Shell not ‘going soft’ on fossil fuel future, says Chief Executive

Shell may be spending billions of dollars on renewable energy and and electric cars, but the oil major is not straying far from its fossil fuel roots just yet.

The energy giant’s chief executive Ben Van Beurden (pictured) has warned the industry not to be swayed by the flurry of headlines marking Shell’s steps towards cleaner energy. “Even headlines that are true can be misleading,” he told delegates at a London conference.

“They might even make people think we have gone soft on the future of oil and gas. If they did think that, they would be wrong," he said. Speaking one day after the UN’s landmark climate report warned that more must be done to reduce greenhouse gas emissions, Mr Van Beurden said Shell still “means business” on oil and gas.

Shell plans to invest between $1bn to $2bn every year on building a foothold in the electricity sector by investing in renewable electricity, home energy supply and electric vehicle charging. But the investment pot is still dwarfed by its $25bn annual budget for Shell’s traditional activities exploring and producing oil and gas.

“Shell’s core business is, and will be for the foreseeable future, very much in oil and gas and particularly in natural gas. Oil is going to be needed by this world for a long time to come,” Mr Van Beurden said. Although Shell is already shifting its fossil fuel focus from oil towards gas, the FTSE 100 energy giant’s pace of change “will be linked to the pace of change in society”, he added.

“I believe it is right to be spending up to $2bn on areas like renewables, new fuels and supplying electricity because that is what our customers will want over the long term and Shell intends to stay with our customers over the long term,” he said. “But we also intend to stay with them right now, next year and for all the years to come until this long-term future becomes reality,” he added.

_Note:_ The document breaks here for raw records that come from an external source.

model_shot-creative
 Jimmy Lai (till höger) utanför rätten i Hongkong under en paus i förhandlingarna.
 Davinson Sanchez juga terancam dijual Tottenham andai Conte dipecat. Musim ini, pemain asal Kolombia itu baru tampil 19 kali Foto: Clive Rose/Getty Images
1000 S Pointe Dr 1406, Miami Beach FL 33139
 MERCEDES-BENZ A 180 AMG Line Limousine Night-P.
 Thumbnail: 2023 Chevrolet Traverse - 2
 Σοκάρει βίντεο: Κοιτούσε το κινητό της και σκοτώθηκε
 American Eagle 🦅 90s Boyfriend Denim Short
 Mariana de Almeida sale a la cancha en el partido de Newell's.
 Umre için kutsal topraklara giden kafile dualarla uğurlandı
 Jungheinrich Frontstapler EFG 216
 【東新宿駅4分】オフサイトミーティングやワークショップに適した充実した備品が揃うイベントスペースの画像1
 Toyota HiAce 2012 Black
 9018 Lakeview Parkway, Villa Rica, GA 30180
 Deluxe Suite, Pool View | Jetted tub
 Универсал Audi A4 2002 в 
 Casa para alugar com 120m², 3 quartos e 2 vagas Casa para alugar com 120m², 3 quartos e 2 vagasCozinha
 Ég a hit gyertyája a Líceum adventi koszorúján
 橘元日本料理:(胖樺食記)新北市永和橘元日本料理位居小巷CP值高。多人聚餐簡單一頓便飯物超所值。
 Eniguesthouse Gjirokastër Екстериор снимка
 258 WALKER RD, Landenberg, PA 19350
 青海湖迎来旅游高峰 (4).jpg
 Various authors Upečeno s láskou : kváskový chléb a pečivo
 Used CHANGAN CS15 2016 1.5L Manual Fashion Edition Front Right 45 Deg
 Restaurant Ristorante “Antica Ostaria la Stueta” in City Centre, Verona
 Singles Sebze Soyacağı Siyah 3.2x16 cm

The oil giant has staked a multi-billion dollar bet on the growing demand for natural gas over the next decade, which shows that the group “means business when it comes to gas”. Its forecasts suggest that gas will be the single fastest growing energy sector due to strong demand from growing economies in Asia, where coal-fired power is taking a toll on air quality.

Shell has followed its £36bn acquisition of natural gas shipper BG Group with plans to invest $12bn in a long-awaited project to ship liquified natural gas (LNG) by super-chilled tankers from Canada to energy-hungry Asian buyers.

The $31bn (£24bn) LNG Canada deal is “compelling” because it low in cost to produce, close to quick shipping routes to the Far East and will result in power generation that is only half as carbon-rich as coal power. “You should look to LNG Canada to see that Shell means business in gas. We do,” said Mr Van Beurden.

“I do not expect this stance to make big news. No newspaper will run a story with this headline: ‘Oil and gas CEO has confidence in future of gas’. But nevertheless, it is true,” he said.